Open sjl070707 opened 7 years ago
i recreated new container by putting the right version of dependencies both python and system
g++ gcc
pip install xgboost==0.6a2 dask-xgboost==0.1.0
python 3.5.4 via https://repo.continuum.io/miniconda/Miniconda3-4.2.12-Linux-x86_64.sh miniconda3
the process is stuck at training stage. (booster)
it looks like an exception occurs and dask-xgboost is trying to handle this error. or just waiting a long long time to be synched
Traceback (most recent call last):
File "/work/miniconda/lib/python3.5/site-packages/IPython/core/interactiveshell.py", line 2881, in run_code
exec(code_obj, self.user_global_ns, self.user_ns)
File "
the process is stuck at training stage. (booster)
Do we know why it's stuck? Does XGBoost provide logs here? At this stage Dask has done all of its work and has handed off control to XGBoost. Unfortunately we don't have any visibility into what's going on internally.
I have the same issue here using bioconda's xgboost 0.6.a2 and dask-xgboost from pip. Stuck at the same place. Where can I find the log for XGBoost?
@mrocklin What version of xgboost
do you use? I was wondering if the stuck issue is because of the newly released xgboost
? Do you compile the xgboost
from source or installed from conda?
@mrocklin What version of xgboost do you use? I was wondering if the stuck issue is because of the newly released xgboost? Do you compile the xgboost from source or installed from conda?
Perhaps. I don't use xgboost regularly and so don't have a standard version. I probably used whatever was recent when I first wrote this code.
Running the test suite today after conda-installing xgboost from the conda-forge channel I find that dataframe tests pass but that the dask.array test segfaults. I don't experience the same behavior as above. I'll try to go over it again with newer libraries sometime, but can't promise that this will happen any time soon. Any help from others would be welcome here.
Ah. did not notice that we have test code there. Great. I can play around with it to see what I can do.
PS: Can you also reopen this issue?
Thank you for your effort here @DigitalPig . Reopened
I found a very interesting thing when trying to figure out why it gets stuck. I ran test code on my Ubuntu 16.10 with conda equipped with python 3.6/xgboost from conda-forge/dask-xgboost from github. Everything seems to be fine. All tests pass and I use Titanic training data with dask_xgboost
and it successfully trained as well except complaining the "hist" option in params
.
But on my cluster, which is built based on AWS EC2 RHEL7. I cannot pass the test_numpy
. Also, my training got stuck using Titanic data as well. Same conda environment.

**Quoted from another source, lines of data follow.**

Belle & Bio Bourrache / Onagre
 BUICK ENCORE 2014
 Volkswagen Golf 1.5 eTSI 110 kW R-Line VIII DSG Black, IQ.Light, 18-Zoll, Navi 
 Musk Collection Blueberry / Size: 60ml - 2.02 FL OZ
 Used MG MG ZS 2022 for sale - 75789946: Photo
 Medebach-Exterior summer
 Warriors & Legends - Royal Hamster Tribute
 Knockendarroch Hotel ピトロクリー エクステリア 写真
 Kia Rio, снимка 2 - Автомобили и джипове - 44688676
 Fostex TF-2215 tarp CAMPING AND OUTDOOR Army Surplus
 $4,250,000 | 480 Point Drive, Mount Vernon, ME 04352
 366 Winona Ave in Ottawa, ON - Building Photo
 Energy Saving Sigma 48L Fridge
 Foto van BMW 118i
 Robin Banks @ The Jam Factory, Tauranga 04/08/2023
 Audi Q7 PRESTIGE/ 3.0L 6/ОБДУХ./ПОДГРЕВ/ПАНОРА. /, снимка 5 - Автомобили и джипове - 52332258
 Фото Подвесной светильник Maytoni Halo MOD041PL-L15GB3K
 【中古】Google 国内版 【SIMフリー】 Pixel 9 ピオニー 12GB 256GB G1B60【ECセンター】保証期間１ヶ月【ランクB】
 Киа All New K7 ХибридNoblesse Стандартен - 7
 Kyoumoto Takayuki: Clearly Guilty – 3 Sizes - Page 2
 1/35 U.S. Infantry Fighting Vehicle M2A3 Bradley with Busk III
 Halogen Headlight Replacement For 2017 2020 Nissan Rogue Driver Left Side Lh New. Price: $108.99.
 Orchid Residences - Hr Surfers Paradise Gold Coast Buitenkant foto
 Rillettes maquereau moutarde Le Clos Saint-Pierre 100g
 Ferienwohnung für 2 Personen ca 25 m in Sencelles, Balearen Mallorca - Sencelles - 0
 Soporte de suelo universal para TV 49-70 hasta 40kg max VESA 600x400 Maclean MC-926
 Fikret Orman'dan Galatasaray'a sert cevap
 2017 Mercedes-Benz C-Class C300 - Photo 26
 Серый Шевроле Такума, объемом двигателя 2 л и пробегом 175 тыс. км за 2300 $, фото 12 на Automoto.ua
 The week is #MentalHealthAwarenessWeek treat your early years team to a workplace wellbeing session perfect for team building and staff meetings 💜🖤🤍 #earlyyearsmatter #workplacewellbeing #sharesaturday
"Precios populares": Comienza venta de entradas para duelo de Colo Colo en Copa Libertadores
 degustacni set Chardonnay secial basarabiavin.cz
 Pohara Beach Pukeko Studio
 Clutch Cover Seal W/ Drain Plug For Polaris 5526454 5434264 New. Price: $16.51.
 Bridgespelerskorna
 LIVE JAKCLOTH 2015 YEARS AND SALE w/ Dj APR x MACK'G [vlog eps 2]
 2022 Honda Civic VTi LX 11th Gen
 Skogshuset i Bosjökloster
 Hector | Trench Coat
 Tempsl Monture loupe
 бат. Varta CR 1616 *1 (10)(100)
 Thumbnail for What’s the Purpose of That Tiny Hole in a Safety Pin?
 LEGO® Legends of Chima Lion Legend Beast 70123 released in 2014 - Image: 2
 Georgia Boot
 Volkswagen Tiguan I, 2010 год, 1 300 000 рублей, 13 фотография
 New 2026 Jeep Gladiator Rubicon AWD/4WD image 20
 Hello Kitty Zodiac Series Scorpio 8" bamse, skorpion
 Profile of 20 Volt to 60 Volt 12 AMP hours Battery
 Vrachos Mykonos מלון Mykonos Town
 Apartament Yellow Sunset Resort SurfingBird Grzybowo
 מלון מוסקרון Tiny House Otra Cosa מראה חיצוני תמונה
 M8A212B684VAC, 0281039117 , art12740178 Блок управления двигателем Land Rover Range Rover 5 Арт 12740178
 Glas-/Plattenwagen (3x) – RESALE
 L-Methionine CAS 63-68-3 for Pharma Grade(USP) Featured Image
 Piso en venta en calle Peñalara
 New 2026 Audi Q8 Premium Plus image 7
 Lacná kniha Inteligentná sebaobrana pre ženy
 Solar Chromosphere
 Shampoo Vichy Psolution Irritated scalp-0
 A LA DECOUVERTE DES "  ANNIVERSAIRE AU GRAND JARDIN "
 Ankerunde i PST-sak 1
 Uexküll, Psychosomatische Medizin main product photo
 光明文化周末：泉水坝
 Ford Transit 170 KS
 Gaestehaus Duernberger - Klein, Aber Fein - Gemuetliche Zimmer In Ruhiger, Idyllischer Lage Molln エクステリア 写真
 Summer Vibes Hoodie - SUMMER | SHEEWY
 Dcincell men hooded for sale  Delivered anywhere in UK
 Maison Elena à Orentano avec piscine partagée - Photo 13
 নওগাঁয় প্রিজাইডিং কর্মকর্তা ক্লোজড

I am going to provision a Ubuntu cluster and see if I can reproduce the issue.
Indeed seeing tests have different behavior in the same conda environment is quite odd.
After provisioned a Ubuntu 14.04 cluster with same setup, all tests can pass now. The toy example using titanic can run through as well both under LocalCluster and real cluster.
I think this may due to the RHEL7 issue somewhere, although I am not sure where.
Also, it would be really great that we can grab output information from xgboost
during the process.
Also, it would be really great that we can grab output information from xgboost during the process.
Presumably this is passing through stdout or the Python logging module? Historically Dask has relied on cluster managers to handle logs. For LocalCluster you can start with LocalCluster(silence_logs=False)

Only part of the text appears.